J'en viens aux effets pervers évoqués notamment par M. Aumeunier. J'entends avec amusement M. Aumeunier déclarer les revenus d'un des promoteurs-constructeurs du canton, la CODHA, pour ne pas la nommer; on se réjouit que dans d'autres débats concernant des promoteurs-constructeurs privés membres de votre association, Monsieur Aumeunier, vous révéliez aussi le revenu de ces promoteurs-constructeurs actifs dans le canton. On se réjouit d'entendre leur salaire aussi, puisque vous avez dévoilé les salaires de ceux de la CODHA ! (Applaudissement.) Et M. Aumeunier nous explique: «Attention, ces coopératives d'habitation, voyez-vous, elles peuvent même - et c'est Me Lachat qui le dit - devenir des PPE.» Quelle horreur, quelle horreur ! Mesdames et Messieurs, vous comprenez que pour le représentant de la Chambre immobilière, le fait que des gens puissent se constituer en PPE, c'est la fin du monde ! Non, Mesdames et Messieurs, bien sûr que ces coopératives pourraient se transformer en PPE, mais du point de vue du Conseil d'Etat, ce n'est pas un mal, la PPE n'est pas un mal; si elles se transformaient en PPE, elles perdraient évidemment la garantie de l'Etat qui serait donnée à travers ce projet de loi. Là non plus, il ne faut pas faire preuve de rigidité, on doit pouvoir évoluer entre les différents types de propriétés. Là encore, si une coopérative sort de son statut juridique de coopérative, elle renonce alors définitivement au soutien de l'Etat.

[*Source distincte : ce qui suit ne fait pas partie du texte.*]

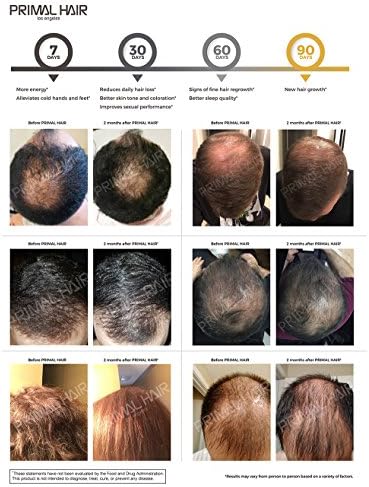 PRİMAL SAÇ: Saç Büyümesi ve Saç Dökülmesi Tedavisi, Saç İnceltme Takviyesi, Erkekler ve Kadınlar için Klinik olarak Kanıtlanmış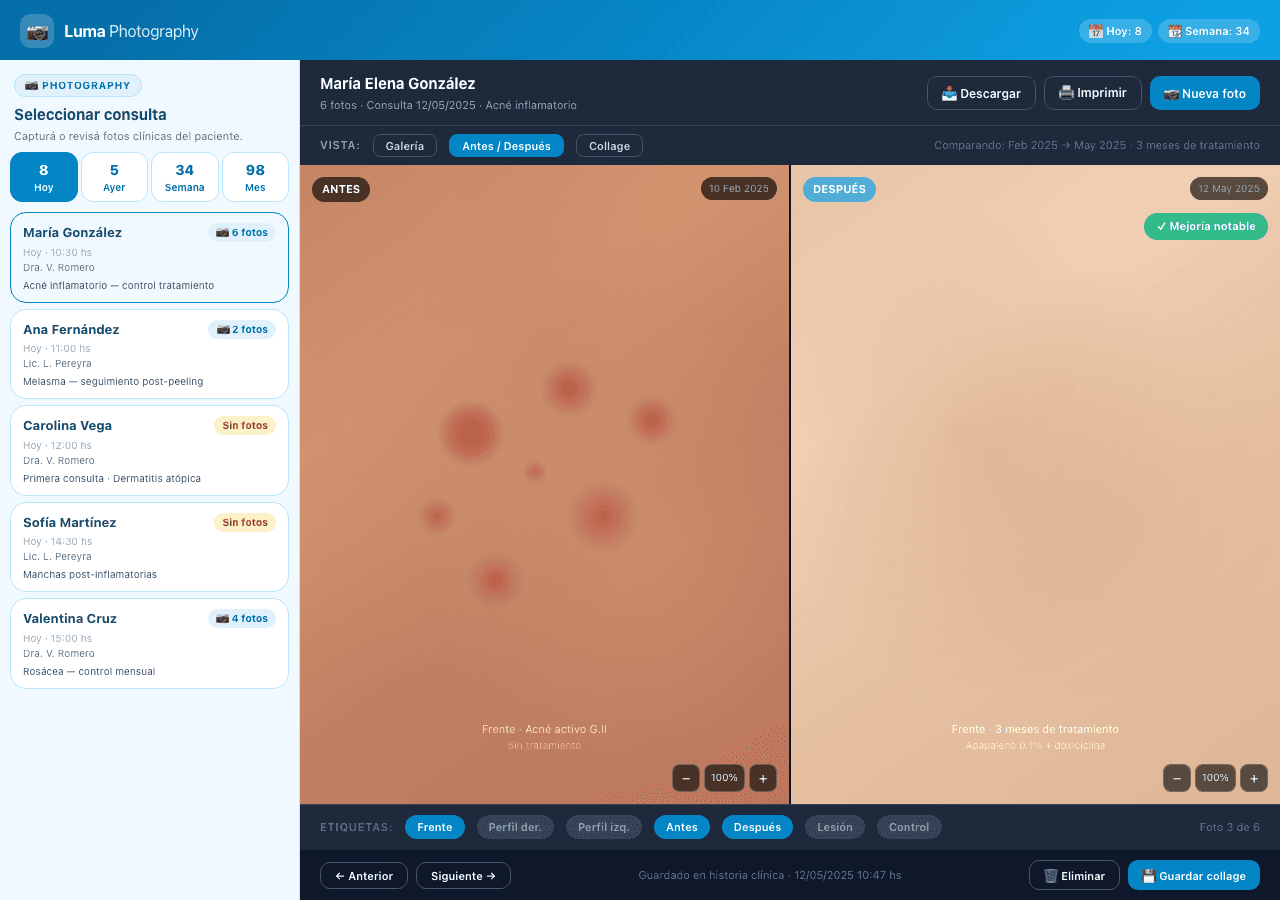 App Photography de Luma Software — comparación antes/después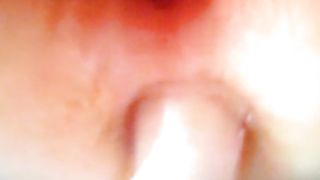 un culetto pelosetto...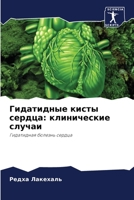 Гидатидные кисты сердца: 6205866749 Book Cover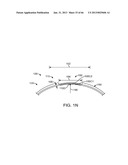 Conformable Therapeutic Shield for Vision and Pain diagram and image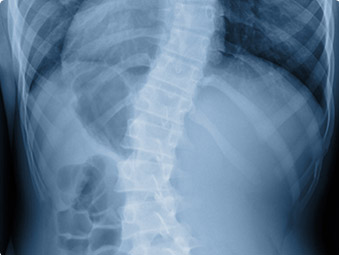 Spine And Scoliosis Disorders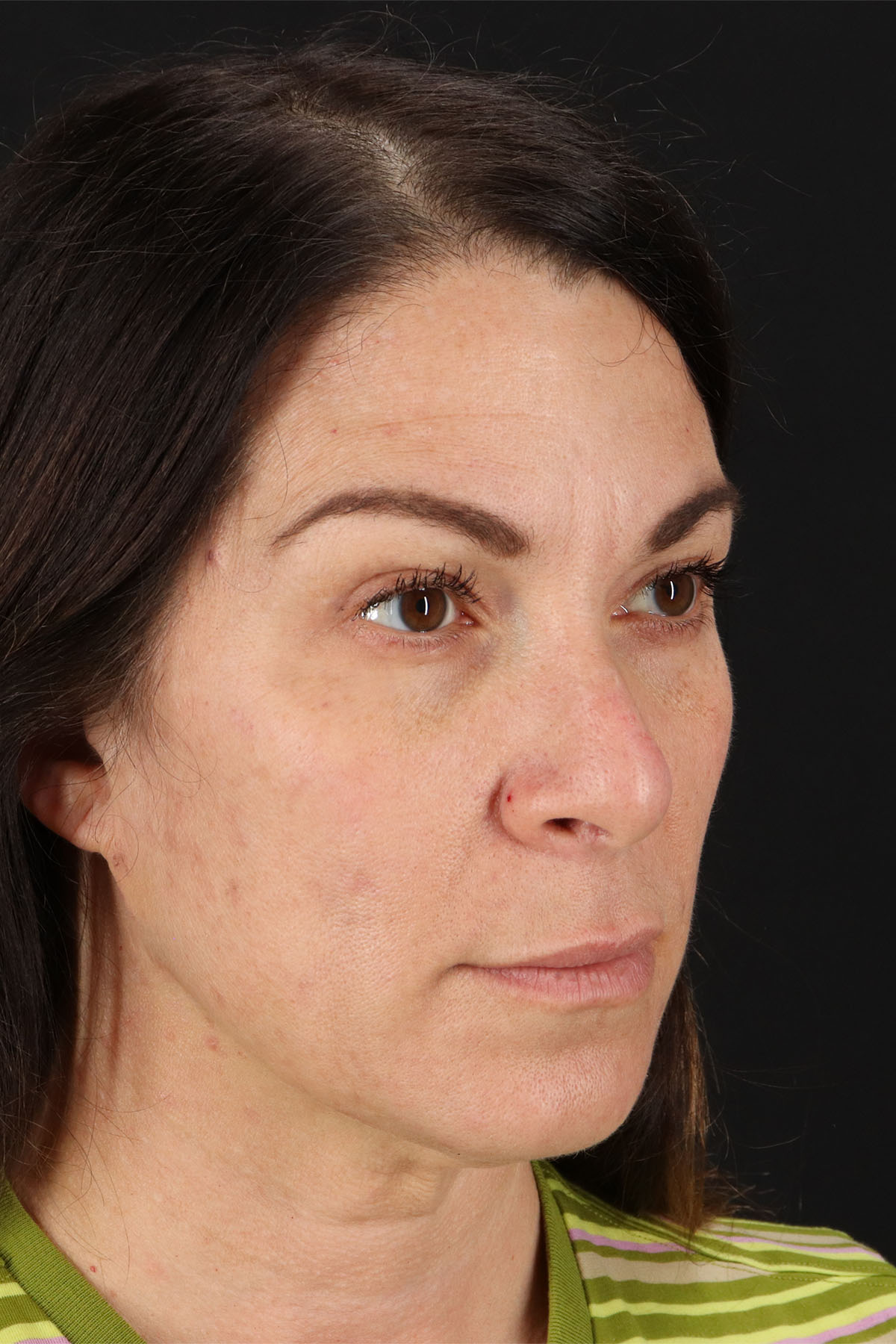 Lip Lift Before & After Patient #2133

Mesdames et Messieurs, ce projet de loi a une portée modeste; peu de coopératives ne veulent pas faire de LUP, il s'agit donc d'un petit coup de pouce sans impact sur le budget. Il a certes un impact sur le bilan de l'Etat, mais on voit que les coopératives qui construisent du logement social n'ont jamais fait appel à la garantie de l'Etat; et quand on pense aux milliards que le canton de Genève a dû payer suite aux opérations de la Banque cantonale, on peut se dire... (Vif commentaire.) ...que c'est rester très modeste que d'octroyer ce soutien aux coopératives, soutien qui bénéficie d'une longue expérience dans notre canton et dans le cadre duquel notre canton n'a jamais été sollicité. On voit donc qu'il s'agit d'un projet de loi tout à fait acceptable. Le Conseil d'Etat vous remercie dès lors de l'approuver. (Applaudissements.)
Le président. Je vous remercie, Monsieur le conseiller d'Etat. Mesdames et Messieurs les députés, vous êtes invités à vous prononcer sur l'entrée en matière.
Mis aux voix, le projet de loi 11245 est adopté en premier débat par 59 oui contre 21 non et 10 abstentions.
La loi 11245 est adoptée article par article en deuxième débat et en troisième débat.
Mise aux voix, la loi 11245 est adoptée en troisième débat dans son ensemble par 61 oui contre 20 non et 10 abstentions.